If you're creating documents for (especially print) publication, particularly scientific or mathematical documents, there is a great word / document processor called LyX. It's actually a front-end for the long-standing industry standard document layout language LaTeX. If you want to produce documents with accurate character spacing that look good, remniscient of an old mathematics textbook (all of the textbooks used to use LaTeX), it's a neat option.

But the real winner for Open-Source document publishing is Scribus. Seriously, no one talks about this program, and I have no idea why - it's dynamite. It's nearly as good as InDesign, it creates high-quality pdfs natively and does so in a flexible way, and it's free. If you're putting together full-color image-laden documents that you want to transfer, Scribus is really the way to do it.
posted by koeselitz at 10:28 AM on March 14, 2009 [2 favorites]


fwiw, just to respond to koeselitz's comment, I'm using OO on a brand-new, powerful Mac. Translating Word on Windows (either XP or 2007) to Word on OSX hasn't given me nearly the problems I've found in going from Word on Windows to OO on OSX, and the Mac thing may also be responsible for the crash issues. So YMMV, depending on your OS. But my experience with OO has been nothing but frustrating, and just wanted to indicate that in this discussion for the benefit of taking the advice in this thread.
posted by olinerd at 10:40 AM on March 14, 2009


Olinerd: Ah, that makes perfect sense. I've always had trouble with NeoOffice (that's OO for Mac, right?) too.

Good point.
posted by koeselitz at 11:21 AM on March 14, 2009


I stick with OpenOffice because it can do another thing that Word can't (unless you also own a license for Adobe Acrobat)

Just a small point, but pdfcreator is an excellent opensource program for 'printing' to pdf (and jpeg, tif etc). So if you use word, and want to send pdf's you an use this.

I use OO and MSWord. I prefer OO for small documents, but I find it slows down a lot with bigger files (20+ pages, even with the graphics turned off) - perhaps I don't know how to optimize it.
posted by a womble is an active kind of sloth at 2:07 PM on March 14, 2009


Response by poster: Wow, what a wealth of knowledge! I can't thank you folks enough.

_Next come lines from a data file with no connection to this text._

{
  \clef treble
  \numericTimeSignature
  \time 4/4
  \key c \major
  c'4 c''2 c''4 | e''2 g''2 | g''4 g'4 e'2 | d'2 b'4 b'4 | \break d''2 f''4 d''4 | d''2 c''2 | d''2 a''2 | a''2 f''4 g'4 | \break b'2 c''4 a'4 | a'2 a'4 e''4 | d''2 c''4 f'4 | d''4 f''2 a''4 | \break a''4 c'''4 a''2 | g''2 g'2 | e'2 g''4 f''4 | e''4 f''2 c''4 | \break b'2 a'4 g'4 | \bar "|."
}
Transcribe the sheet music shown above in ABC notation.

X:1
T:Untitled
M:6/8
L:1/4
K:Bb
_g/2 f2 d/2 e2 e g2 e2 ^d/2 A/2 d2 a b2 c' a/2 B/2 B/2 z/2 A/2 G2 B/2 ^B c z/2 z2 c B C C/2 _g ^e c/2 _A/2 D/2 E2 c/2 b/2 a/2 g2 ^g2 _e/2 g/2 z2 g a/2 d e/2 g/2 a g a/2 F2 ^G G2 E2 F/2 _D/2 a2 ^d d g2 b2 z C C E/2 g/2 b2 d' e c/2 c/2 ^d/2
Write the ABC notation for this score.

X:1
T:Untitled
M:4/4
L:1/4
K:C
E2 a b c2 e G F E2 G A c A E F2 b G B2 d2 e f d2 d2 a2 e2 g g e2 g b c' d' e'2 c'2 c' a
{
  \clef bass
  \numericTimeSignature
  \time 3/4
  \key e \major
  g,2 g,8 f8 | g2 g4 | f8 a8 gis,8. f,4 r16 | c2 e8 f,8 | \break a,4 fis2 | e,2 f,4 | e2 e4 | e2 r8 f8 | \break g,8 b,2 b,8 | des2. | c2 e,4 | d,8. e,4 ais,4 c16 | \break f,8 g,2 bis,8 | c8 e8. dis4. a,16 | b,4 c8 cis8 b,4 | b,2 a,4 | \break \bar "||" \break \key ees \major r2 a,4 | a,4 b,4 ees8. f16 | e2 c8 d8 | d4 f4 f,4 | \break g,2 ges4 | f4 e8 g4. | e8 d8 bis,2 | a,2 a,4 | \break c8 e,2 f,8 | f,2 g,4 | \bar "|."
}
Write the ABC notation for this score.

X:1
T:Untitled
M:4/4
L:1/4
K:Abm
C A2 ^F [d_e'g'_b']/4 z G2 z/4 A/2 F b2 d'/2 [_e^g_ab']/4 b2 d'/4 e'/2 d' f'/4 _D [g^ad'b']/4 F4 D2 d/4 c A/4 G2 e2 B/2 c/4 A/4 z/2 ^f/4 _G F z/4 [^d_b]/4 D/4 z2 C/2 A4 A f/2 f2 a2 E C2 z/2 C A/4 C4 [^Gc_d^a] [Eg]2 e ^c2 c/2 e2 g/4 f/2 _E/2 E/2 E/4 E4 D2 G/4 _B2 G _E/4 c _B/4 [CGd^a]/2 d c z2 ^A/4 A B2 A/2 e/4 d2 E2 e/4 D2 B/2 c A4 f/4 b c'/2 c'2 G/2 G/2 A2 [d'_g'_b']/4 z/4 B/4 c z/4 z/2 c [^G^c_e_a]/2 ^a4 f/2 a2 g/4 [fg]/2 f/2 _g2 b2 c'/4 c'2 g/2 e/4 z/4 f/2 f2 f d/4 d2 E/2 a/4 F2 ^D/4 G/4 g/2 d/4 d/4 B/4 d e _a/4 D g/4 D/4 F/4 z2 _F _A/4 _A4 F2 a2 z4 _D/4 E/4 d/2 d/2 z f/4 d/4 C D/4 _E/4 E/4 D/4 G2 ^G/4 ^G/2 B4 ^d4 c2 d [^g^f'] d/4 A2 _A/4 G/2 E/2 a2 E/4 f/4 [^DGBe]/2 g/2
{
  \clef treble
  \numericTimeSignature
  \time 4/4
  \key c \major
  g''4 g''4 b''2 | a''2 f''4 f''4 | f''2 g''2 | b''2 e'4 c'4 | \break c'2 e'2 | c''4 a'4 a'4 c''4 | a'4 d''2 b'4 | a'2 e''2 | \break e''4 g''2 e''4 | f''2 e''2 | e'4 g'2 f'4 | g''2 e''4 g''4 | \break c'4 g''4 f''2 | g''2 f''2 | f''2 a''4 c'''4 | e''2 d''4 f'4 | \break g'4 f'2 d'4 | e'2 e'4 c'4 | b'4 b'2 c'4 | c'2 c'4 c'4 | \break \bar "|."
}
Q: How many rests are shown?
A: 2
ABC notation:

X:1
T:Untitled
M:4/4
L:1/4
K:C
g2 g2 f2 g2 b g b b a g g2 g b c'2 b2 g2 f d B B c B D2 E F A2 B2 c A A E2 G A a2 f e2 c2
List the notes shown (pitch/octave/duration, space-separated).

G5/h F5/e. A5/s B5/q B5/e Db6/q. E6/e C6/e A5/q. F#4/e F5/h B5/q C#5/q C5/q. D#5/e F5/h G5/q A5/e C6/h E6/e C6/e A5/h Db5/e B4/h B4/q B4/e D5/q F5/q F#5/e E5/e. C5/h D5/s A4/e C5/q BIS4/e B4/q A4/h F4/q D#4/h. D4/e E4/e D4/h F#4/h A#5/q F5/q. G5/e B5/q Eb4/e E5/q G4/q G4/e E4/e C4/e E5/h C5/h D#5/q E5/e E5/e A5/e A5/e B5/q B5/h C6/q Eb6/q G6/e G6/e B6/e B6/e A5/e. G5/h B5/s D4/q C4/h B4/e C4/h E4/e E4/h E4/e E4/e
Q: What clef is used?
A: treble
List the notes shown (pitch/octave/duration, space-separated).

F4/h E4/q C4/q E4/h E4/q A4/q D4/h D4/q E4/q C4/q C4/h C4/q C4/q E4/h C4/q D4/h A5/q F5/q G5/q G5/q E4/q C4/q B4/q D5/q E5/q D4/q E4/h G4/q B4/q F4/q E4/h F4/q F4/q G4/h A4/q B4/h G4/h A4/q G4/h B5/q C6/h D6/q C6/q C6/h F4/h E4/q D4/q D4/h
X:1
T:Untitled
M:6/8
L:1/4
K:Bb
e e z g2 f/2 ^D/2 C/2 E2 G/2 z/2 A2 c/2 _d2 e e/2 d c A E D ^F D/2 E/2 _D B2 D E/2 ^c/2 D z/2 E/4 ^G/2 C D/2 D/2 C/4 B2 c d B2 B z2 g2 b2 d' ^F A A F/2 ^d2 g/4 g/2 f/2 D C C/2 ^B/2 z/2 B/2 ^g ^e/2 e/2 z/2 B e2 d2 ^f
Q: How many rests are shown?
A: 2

We will use OO for a stop gap until we get her machine back to normal. I had completely forgotten how long ago I purchased that office suite until I read your comments! It's OLD.

Thanks again, we both appreciate your help!
posted by snsranch at 4:14 PM on March 14, 2009


Joining the chorus on Open Office is horrible. That is all.
posted by nax at 5:09 PM on March 14, 2009


Joining the chorus on Open Office is awesome. That is all.
posted by funkiwan at 10:45 PM on March 14, 2009 [1 favorite]


Joining the chorus on Open Office is great. That is all.
posted by Redmond Cooper at 1:01 AM on March 15, 2009 [1 favorite]


I've always had trouble with NeoOffice (that's OO for Mac, right?)

NeoOffice is still based on version 2 code
A native Mac version became available with the release of OO 3.0 last year.
OpenOffice.org
posted by Lanark at 7:53 AM on March 15, 2009


Wasn't there something new we were supposed to be saying instead of "that is all?" That is all.